TOKYO — The globalization of basketball has been well documented for decades. International tournaments are more competitive than ever. Elite talent sprouts up everywhere. Players from some national teams train together for half their lives, establishing a yearslong harmony that expresses itself on the court.
To begin wrapping your head around the United States’ tremulous start in the Olympic competition, then, consider that some players on the team were so unprepared for this tournament — because of health protocols and the NBA playoff schedule — that they could barely get a grip. On the ball, that is.
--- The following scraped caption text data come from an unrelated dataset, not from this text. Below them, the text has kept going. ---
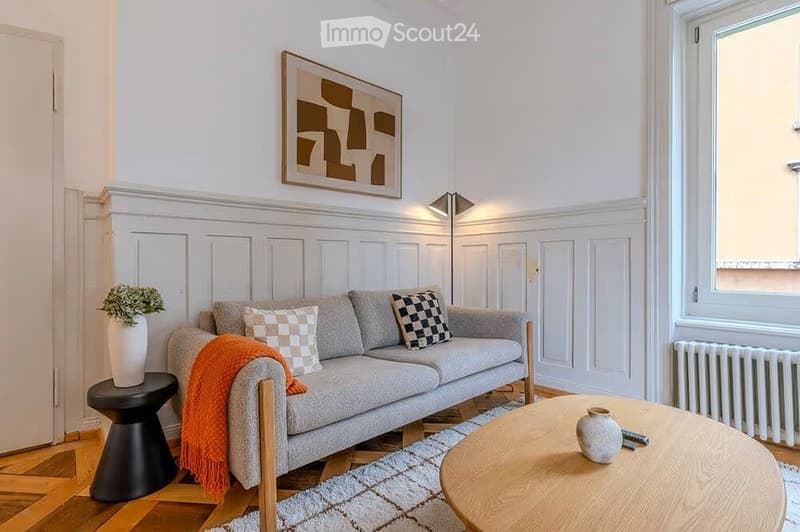 Modern living room with grey sofa, wooden coffee table, black stool, decorative vases, and artwork on the wall.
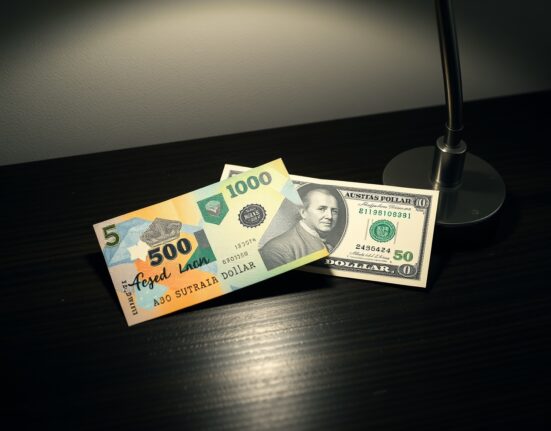 Australian Dollar and US Dollar banknotes on a dark surface, representing AUD/USD currency pair consolidation.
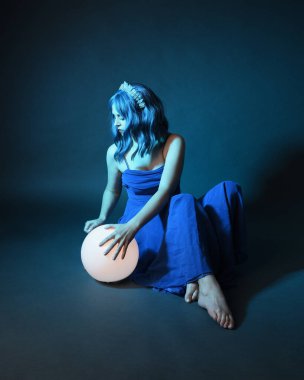 Parlak bir lamba tutan, kristal taçlı göz kamaştırıcı fantezi balo elbisesi giyen güzel, mavi saçlı kadın modelinin tam boy portresi. Oturma pozisyonu, karanlık stüdyo arka planında izole.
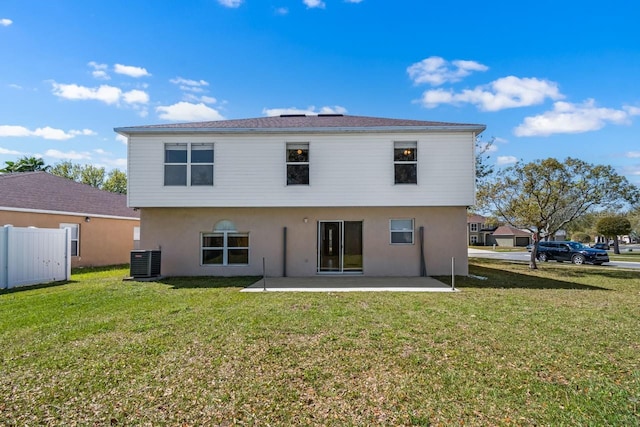 back of house featuring a yard, central AC, stucco siding, and a patio area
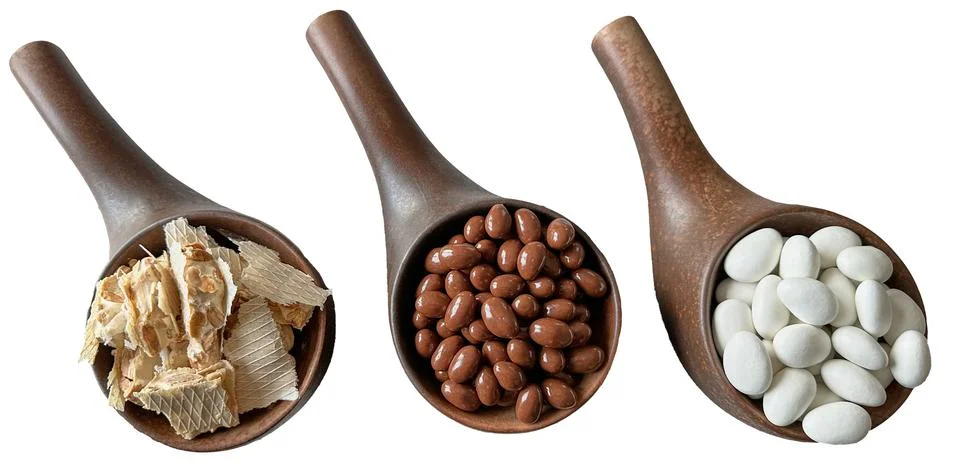 Brown ceramic ware for sweets with nuts in milk chocolate and white chocola.. Stock Photos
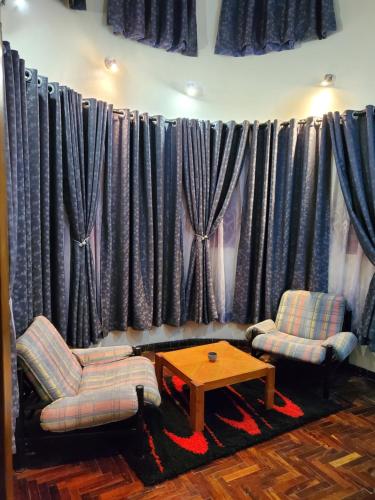 two chairs and a table in a room with curtains at Edaala Comfort - B&B in Nairobi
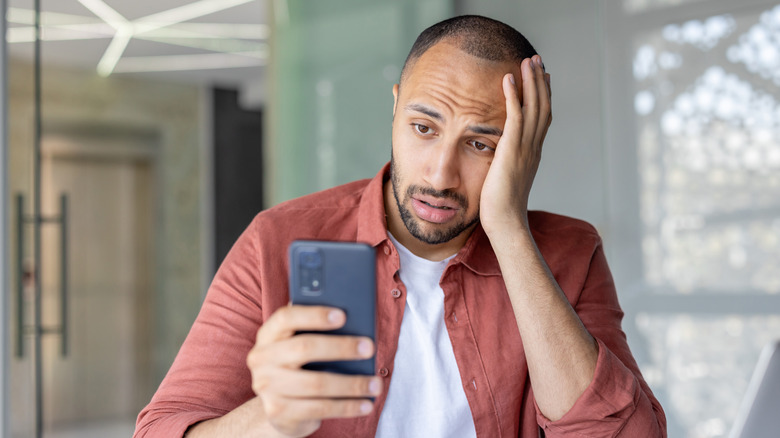 A frustrated man looks at his phone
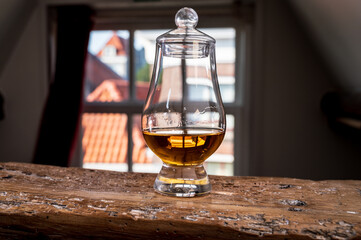 Dram of single malt scotch whisky served in tasting glass with view on old window and houses
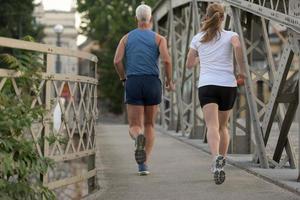 Couple jogging outside photo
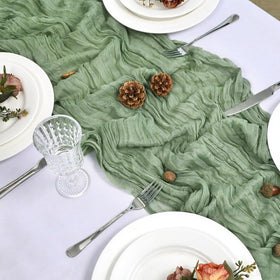 FlashCarryPro sage green cheesecloth runner on table highlighting delicate centerpieces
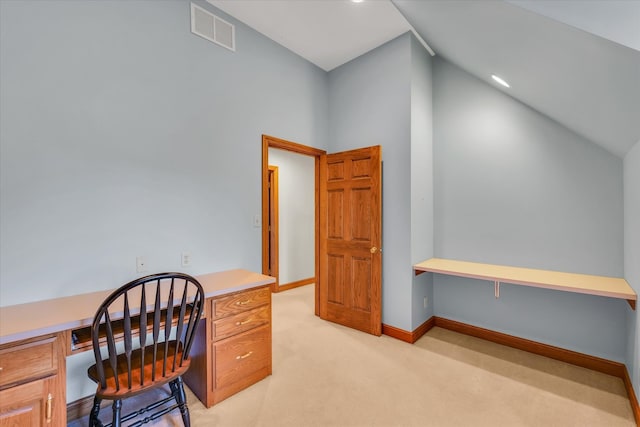 office area featuring built in desk, lofted ceiling, and light carpet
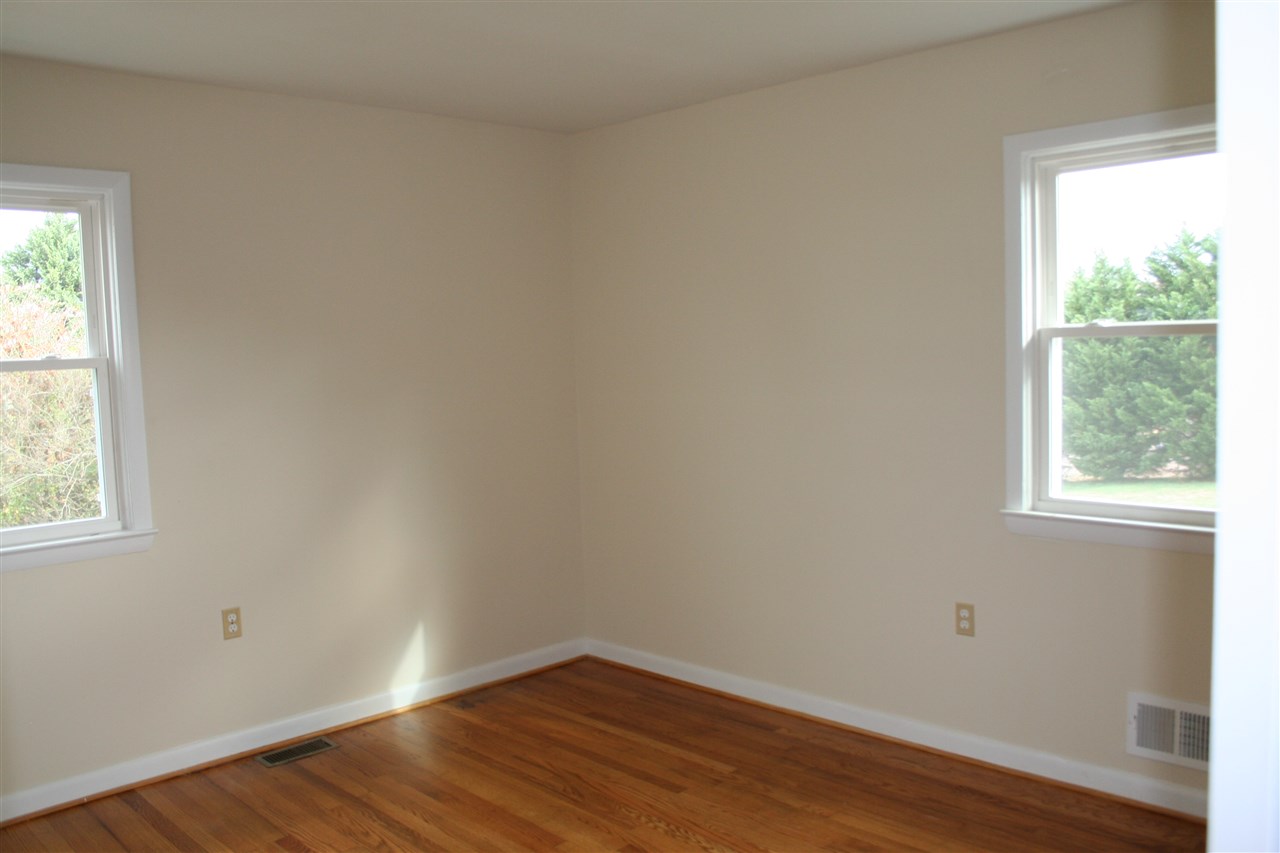 209 Oak Park Road Madison, VA 22727 - Photo 13 of 20 an empty room with wooden floor and windows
Although the same size as the NBA basketballs, the official Olympic balls are a different brand with a different feel, players said, as they discovered when dribbling and passing and shooting in their opening game late Sunday night in Tokyo.
As one of two inanimate objects brought together to form the sport’s name, the ball plays something of an important role in a team’s success.
“That’s probably one of the biggest adjustments,” guard Jrue Holiday said after the Americans’ 83-76 loss to France, “just because we do have to put the ball in the basket.”
Consider, too, that Holiday, who led the team in points with 18, was one of three players who had arrived at the team’s hotel around 1 a.m. that same day after a late flight from the United States. And he had just finished helping the Milwaukee Bucks win the NBA championship.
“This is my first day — literally my first day,” Holiday said after the game with the glassy-eyed weariness of a college student navigating midterms.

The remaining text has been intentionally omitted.